Human rights defender denied civilian court trial
At a hearing at the Peshawar High Court on 13 January 2021, the Khattak family appealed that as a civilian, Idris must be tried in a civilian court and not a military court. This appeal was denied in an order published on 28 January 2021. More information about the charges against Idris were revealed in the judgment published on 30 January 2021. He has been charged on multiple counts related to spying and other conduct “prejudicial to the safety or interests of the State” under Section 3 of the Official Secrets Act (OSA) as well as section 59 of the Pakistan Army Act, 1952 – which gives military courts jurisdiction to try civilians for some offences under the OSA.
This "offence" seems to be a meeting with Michael Semple in July 2009 - over ten years before his enforced disappearance. The court order dubs Semple as an MI6 agent. At the time of the meetings, Semple was a fellow at Harvard University's Carr Center for Human Rights and had been a high-ranking UN and EU official in Afghanistan for 20 years. He was expelled from Afghanistan for "unauthorized activity in 2008." Semple is currently a professor at Queen's University in Belfast.
The court order makes no mention of Idris’s enforced disappearance, or any accountability that the authorities must face for keeping him apart from his family, and his family being kept in the dark of whether he was even alive.
After significant pressure, Idris’ daughter Talia was granted a 20-minute meeting on 7 October 2020. During the supervised meeting, she was not allowed to speak to him in their native language of Pashto (which they normally converse in) and could not ask him any questions about the case. He told her that the charges against him were “bogus.”
Since then, there has been no contact between him and his family or his lawyer and he remains arbitrarily detained. Even though there is proof of life, his current whereabouts is unknown. Under the International Covenant on Civil and Political Rights, to which Pakistan is party, civilians must not be subjected to the jurisdiction of a military court.
Idris Khattak has worked as a consultant with Amnesty International and other international human rights NGOs. For years, he has documented a wide range of human rights violations and humanitarian crises in the Khyber Pakhtunkhwa and the former Federally Administered Tribal Areas.
He was on his way home from Islamabad when his rented car was intercepted near the Swabi Interchange of Khyber Pakhtunkhwa province. The only other person in the car was the driver with whom Idris Khattak has travelled frequently. The driver was also picked up with Idris Khattak on 13 November 2019. His family only found out about his disappearance once the driver was released the night of 15 November 2019.
On the night of 16 June 2020, the Ministry of Defence finally admitted that they have Idris Khattak in their custody, and this was reiterated by a hearing held by the Joint Investigation Team on 17 June 2020.
In Pakistan, enforced disappearance has been used as a tool to muzzle dissent and criticism of military policies.
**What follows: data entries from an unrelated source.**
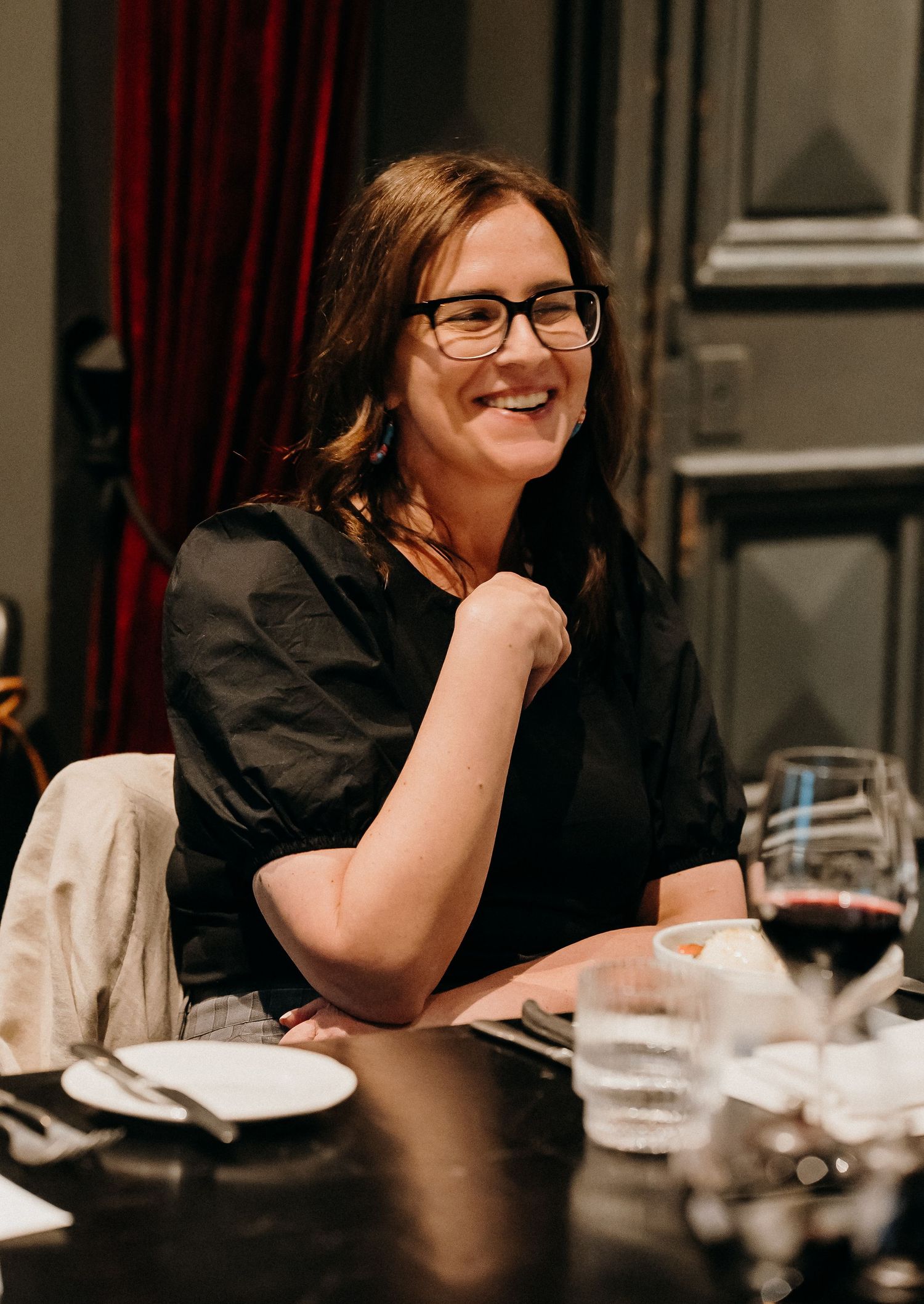 A sequence of four candid photos showing someone laughing and smiling at a dinner table with glasses and plates.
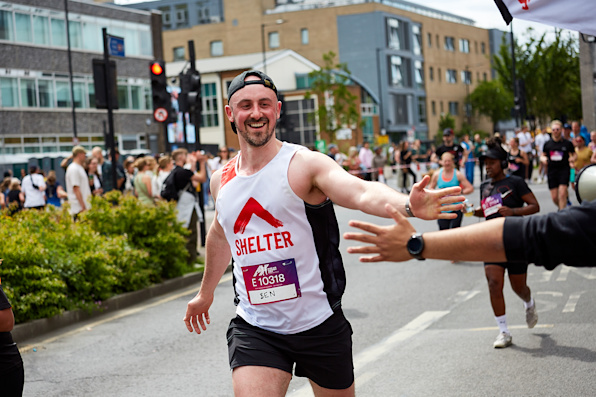 A runner wearing a Shelter vest passes the cheer point. He reaches out his hand to give one of the Shelter cheerers a high five.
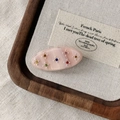 Detailed macro of oval acetate hair clip with colorful rhinestones on vintage canvas - Pink
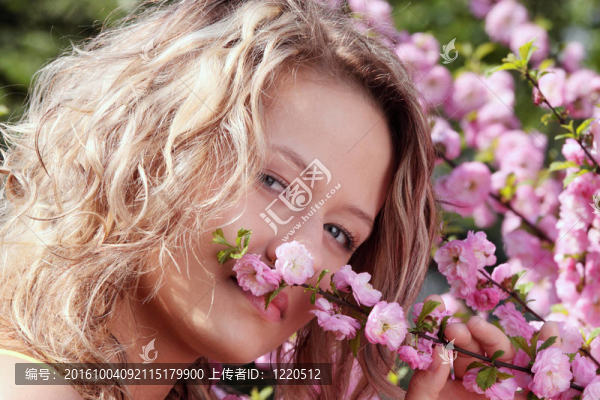 美麗的金發(fā)女人之間粉紅色的花朵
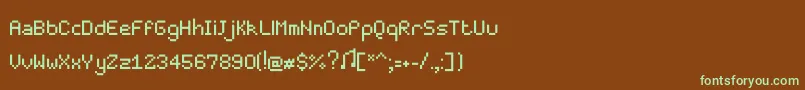 Fonte Pixelmaster – fontes verdes em um fundo marrom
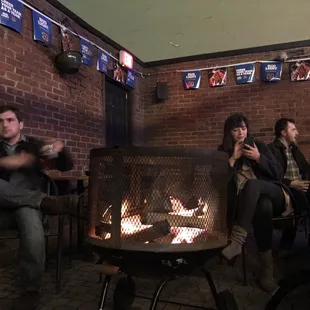 people sitting around a fire pit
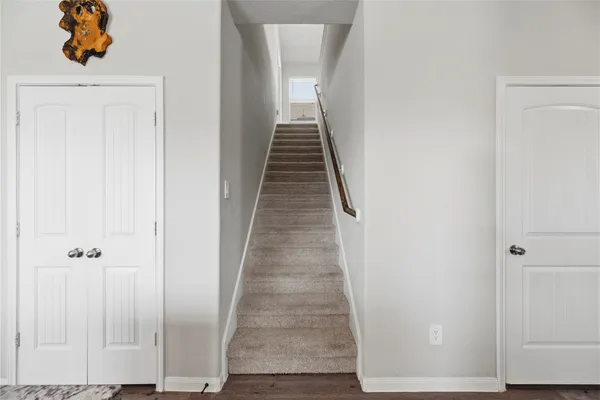 a kitchen with stainless steel appliances granite countertop a refrigerator a stove top oven a sink dishwasher and microwave oven with wooden floor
The individuals and groups targeted in enforced disappearances include Sindhis, Baloch, Pashtuns, the Shia community, political activists, human rights defenders, members and supporters of religious and nationalist groups, suspected members of armed groups, and proscribed religious and political organisations in Pakistan.
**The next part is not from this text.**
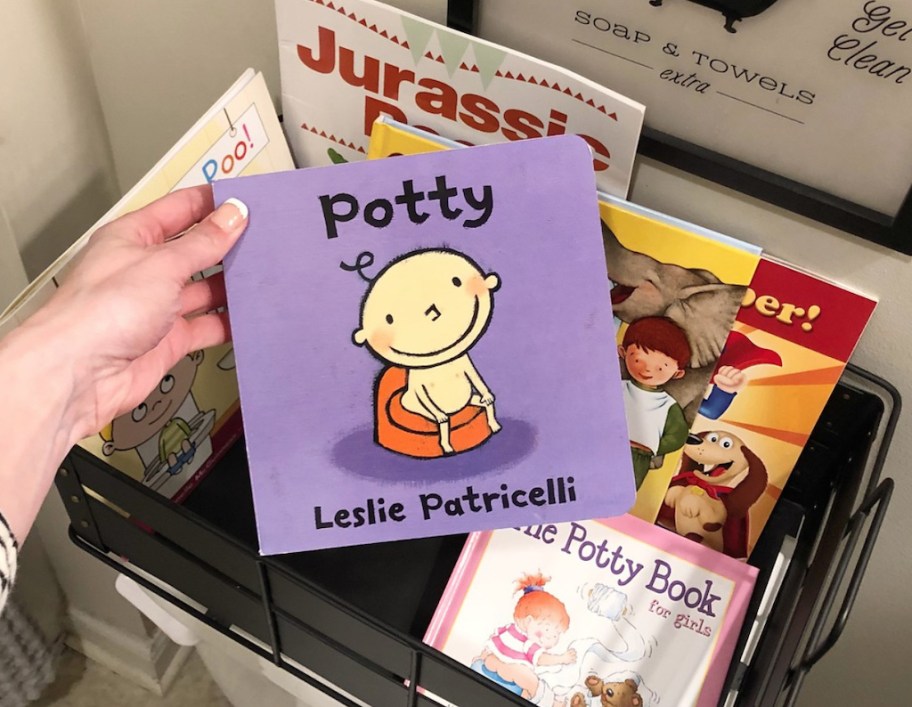 holding potty book full of potty training tips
The current government of Imran Khan promised to criminalize enforced disappearances through legislation. However, no such legislation has even been tabled in the parliament. Shireen Mazari, the Minister for Human Rights, has stated that government wants to sign the International Convention for Protection of All Persons from Enforced Disappearances, but no progress has been made on this front. Instead, the practice of enforced disappearance continues in the country with impunity.